ASSIGNMENT: Set down each entry exactly; omit images.

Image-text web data
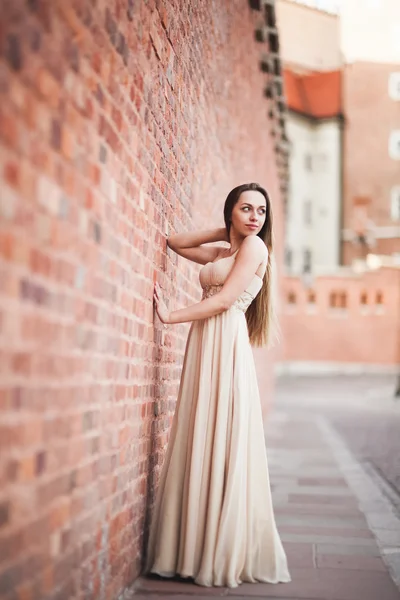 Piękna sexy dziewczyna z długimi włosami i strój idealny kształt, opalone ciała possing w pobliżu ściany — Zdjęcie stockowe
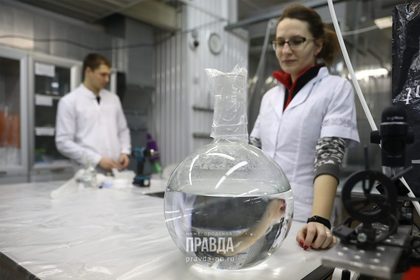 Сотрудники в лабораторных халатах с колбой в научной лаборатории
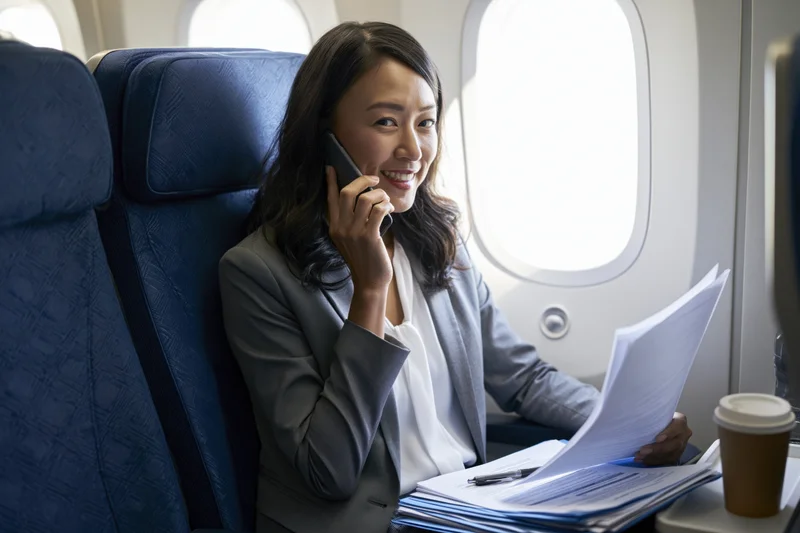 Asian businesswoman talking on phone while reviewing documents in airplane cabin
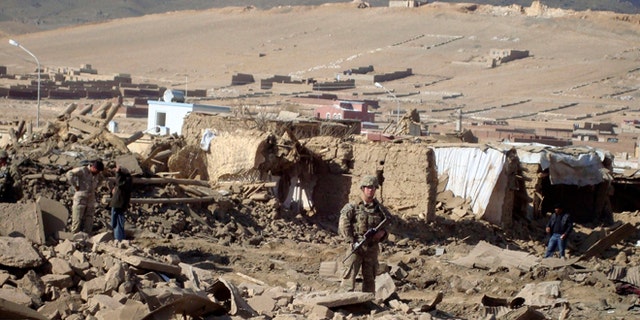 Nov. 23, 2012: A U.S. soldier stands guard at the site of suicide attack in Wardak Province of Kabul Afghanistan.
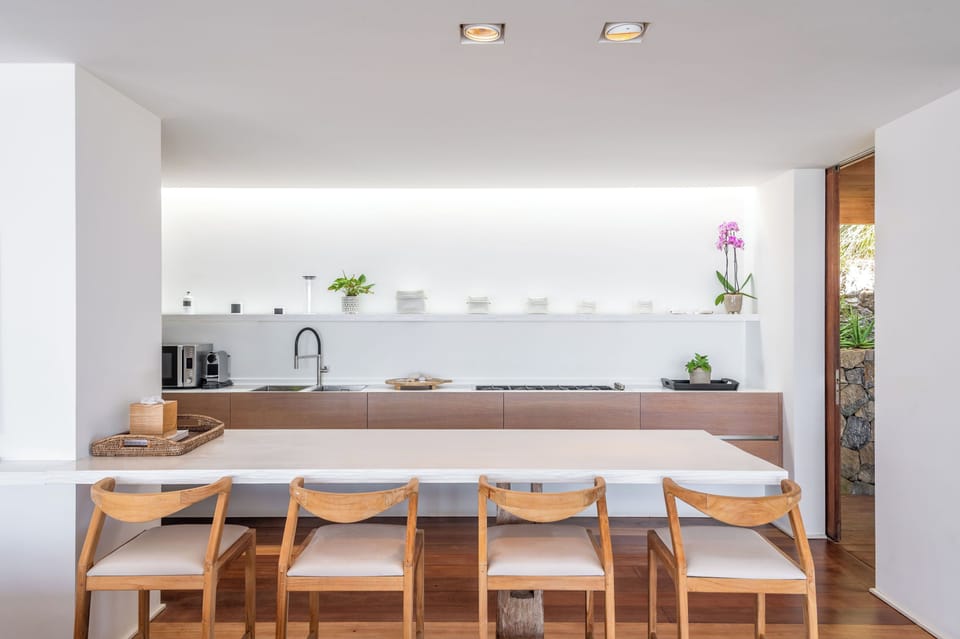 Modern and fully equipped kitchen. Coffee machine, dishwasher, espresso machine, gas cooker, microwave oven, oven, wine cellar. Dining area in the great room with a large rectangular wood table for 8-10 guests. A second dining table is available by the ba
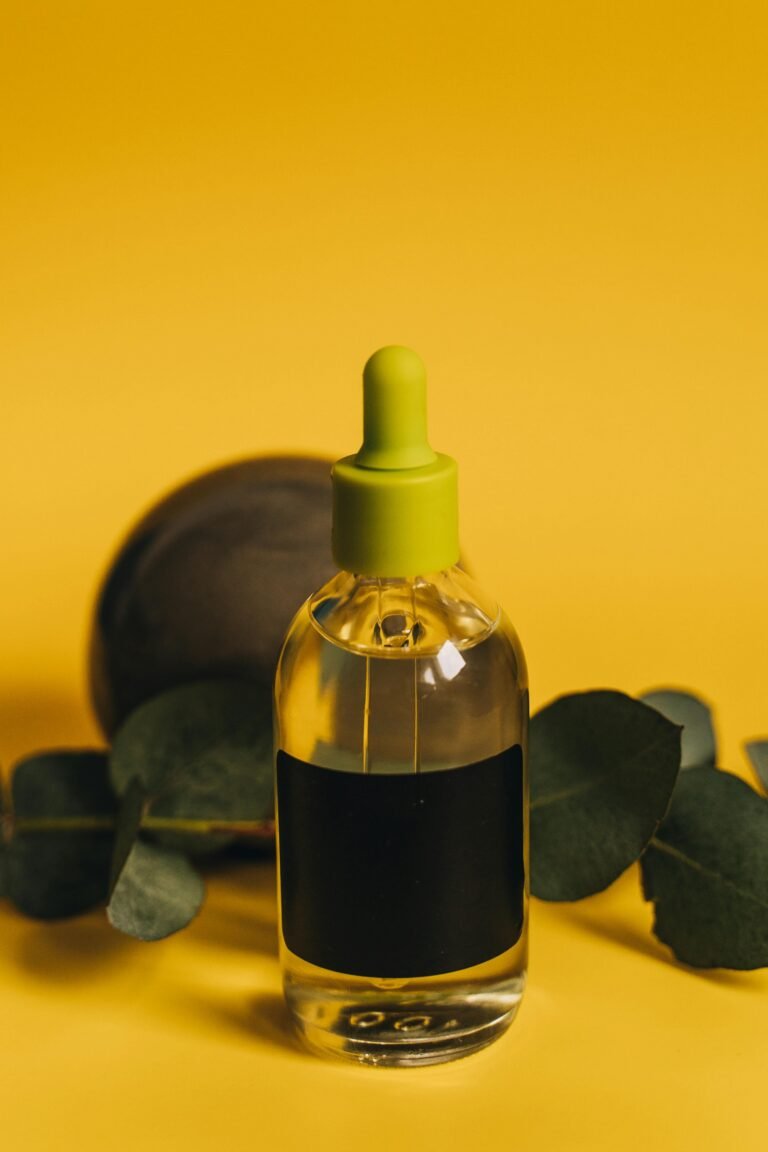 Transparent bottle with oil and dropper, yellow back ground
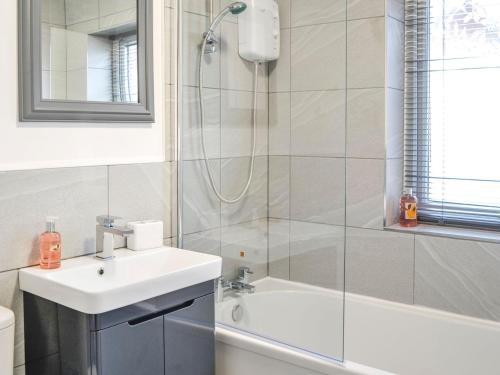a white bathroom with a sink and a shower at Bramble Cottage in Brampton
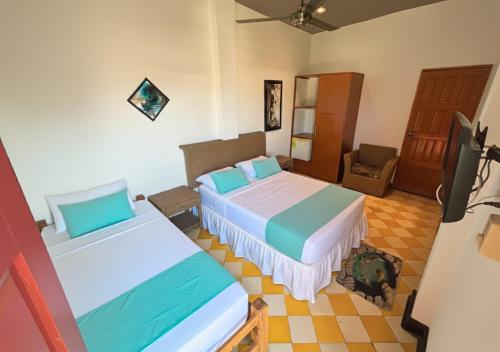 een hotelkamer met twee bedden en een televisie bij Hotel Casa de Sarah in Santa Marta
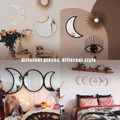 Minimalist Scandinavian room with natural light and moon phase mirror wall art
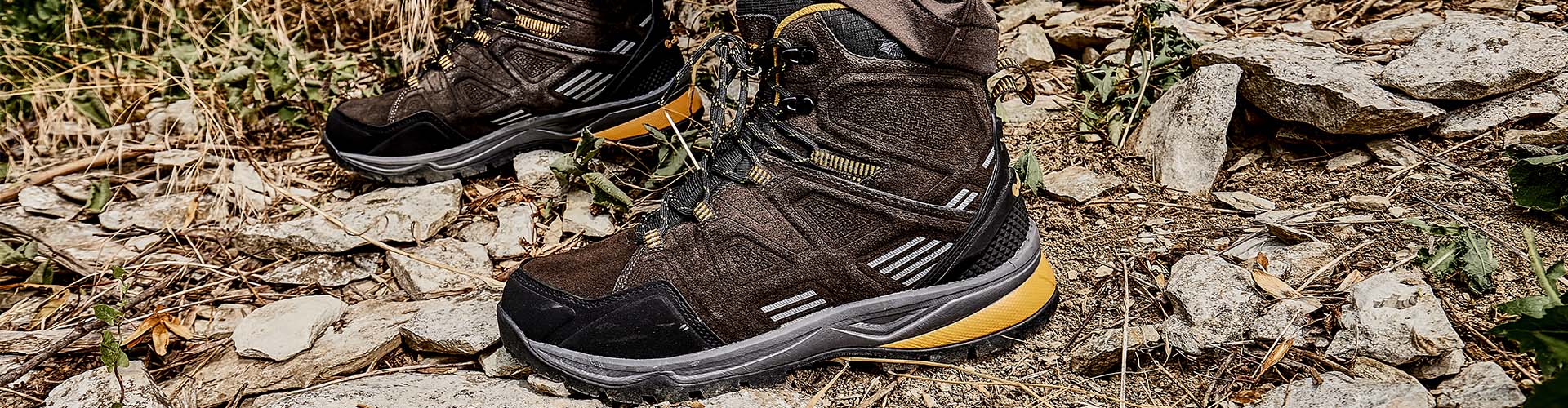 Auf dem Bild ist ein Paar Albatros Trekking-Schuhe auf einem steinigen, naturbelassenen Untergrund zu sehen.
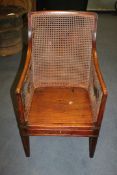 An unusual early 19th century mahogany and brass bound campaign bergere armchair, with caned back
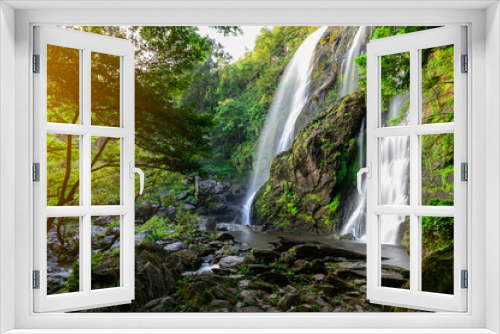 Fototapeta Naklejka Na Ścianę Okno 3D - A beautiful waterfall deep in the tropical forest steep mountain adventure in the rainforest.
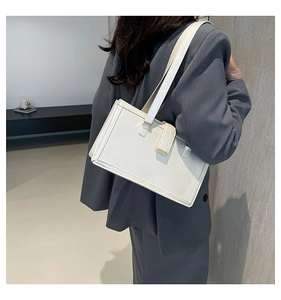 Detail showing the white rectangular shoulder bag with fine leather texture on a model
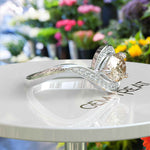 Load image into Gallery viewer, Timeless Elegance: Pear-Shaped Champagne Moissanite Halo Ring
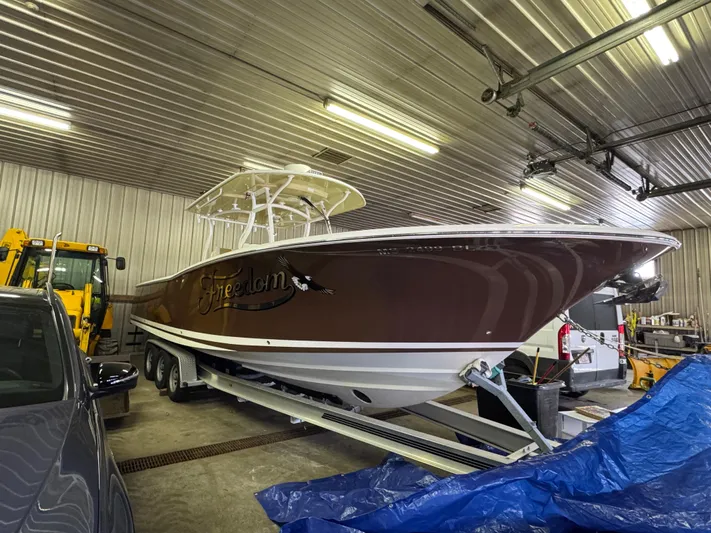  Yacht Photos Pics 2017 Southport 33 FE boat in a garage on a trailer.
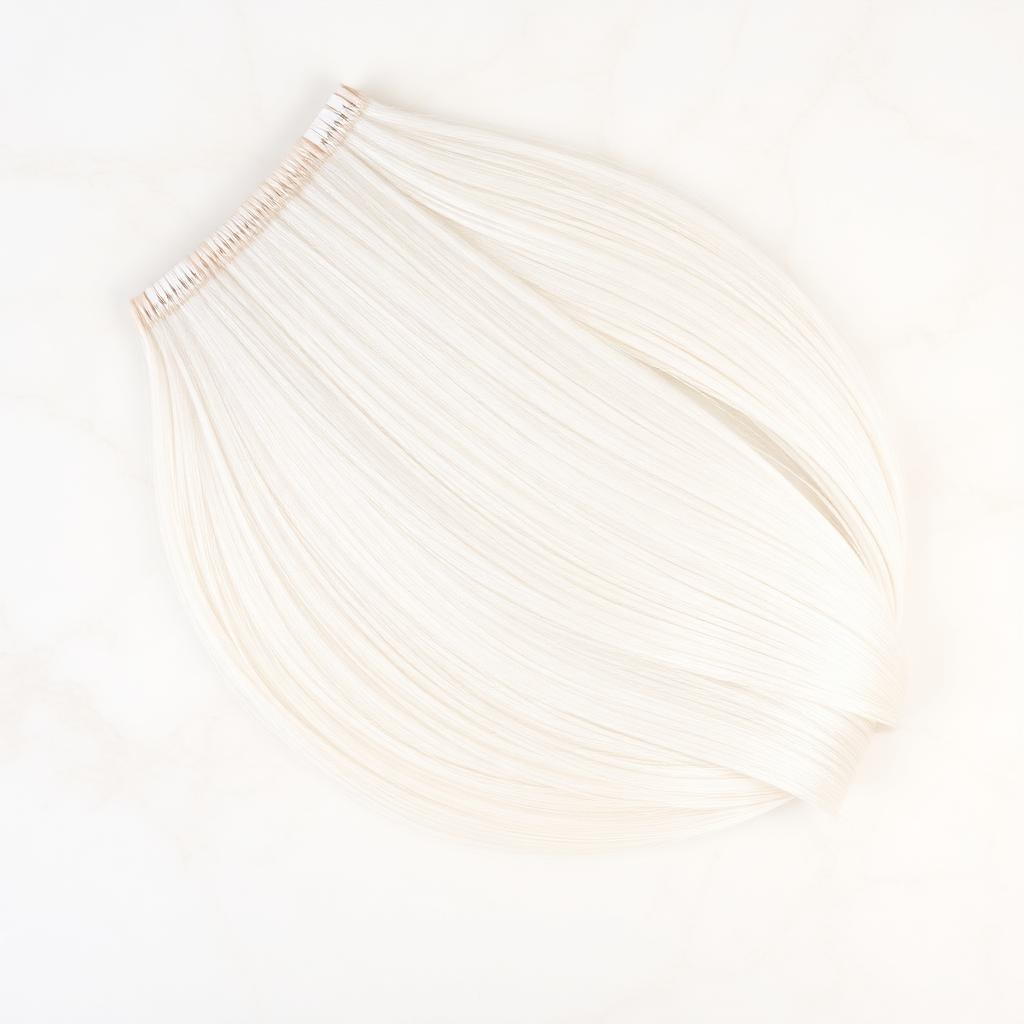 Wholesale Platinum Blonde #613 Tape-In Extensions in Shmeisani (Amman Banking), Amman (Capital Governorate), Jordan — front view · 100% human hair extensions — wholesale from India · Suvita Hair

TASK SOLUTION:
 Piękna sexy dziewczyna z długimi włosami i strój idealny kształt, opalone ciała possing w pobliżu ściany — Zdjęcie stockowe
 Сотрудники в лабораторных халатах с колбой в научной лаборатории
 Asian businesswoman talking on phone while reviewing documents in airplane cabin
 Nov. 23, 2012: A U.S. soldier stands guard at the site of suicide attack in Wardak Province of Kabul Afghanistan.
 Modern and fully equipped kitchen. Coffee machine, dishwasher, espresso machine, gas cooker, microwave oven, oven, wine cellar. Dining area in the great room with a large rectangular wood table for 8-10 guests. A second dining table is available by the ba
 Transparent bottle with oil and dropper, yellow back ground
a white bathroom with a sink and a shower at Bramble Cottage in Brampton
 een hotelkamer met twee bedden en een televisie bij Hotel Casa de Sarah in Santa Marta
 Minimalist Scandinavian room with natural light and moon phase mirror wall art
 Auf dem Bild ist ein Paar Albatros Trekking-Schuhe auf einem steinigen, naturbelassenen Untergrund zu sehen.
 An unusual early 19th century mahogany and brass bound campaign bergere armchair, with caned back
 Fototapeta Naklejka Na Ścianę Okno 3D - A beautiful waterfall deep in the tropical forest steep mountain adventure in the rainforest.
 Detail showing the white rectangular shoulder bag with fine leather texture on a model
 Load image into Gallery viewer, Timeless Elegance: Pear-Shaped Champagne Moissanite Halo Ring
  Yacht Photos Pics 2017 Southport 33 FE boat in a garage on a trailer.
 Wholesale Platinum Blonde #613 Tape-In Extensions in Shmeisani (Amman Banking), Amman (Capital Governorate), Jordan — front view · 100% human hair extensions — wholesale from India · Suvita Hair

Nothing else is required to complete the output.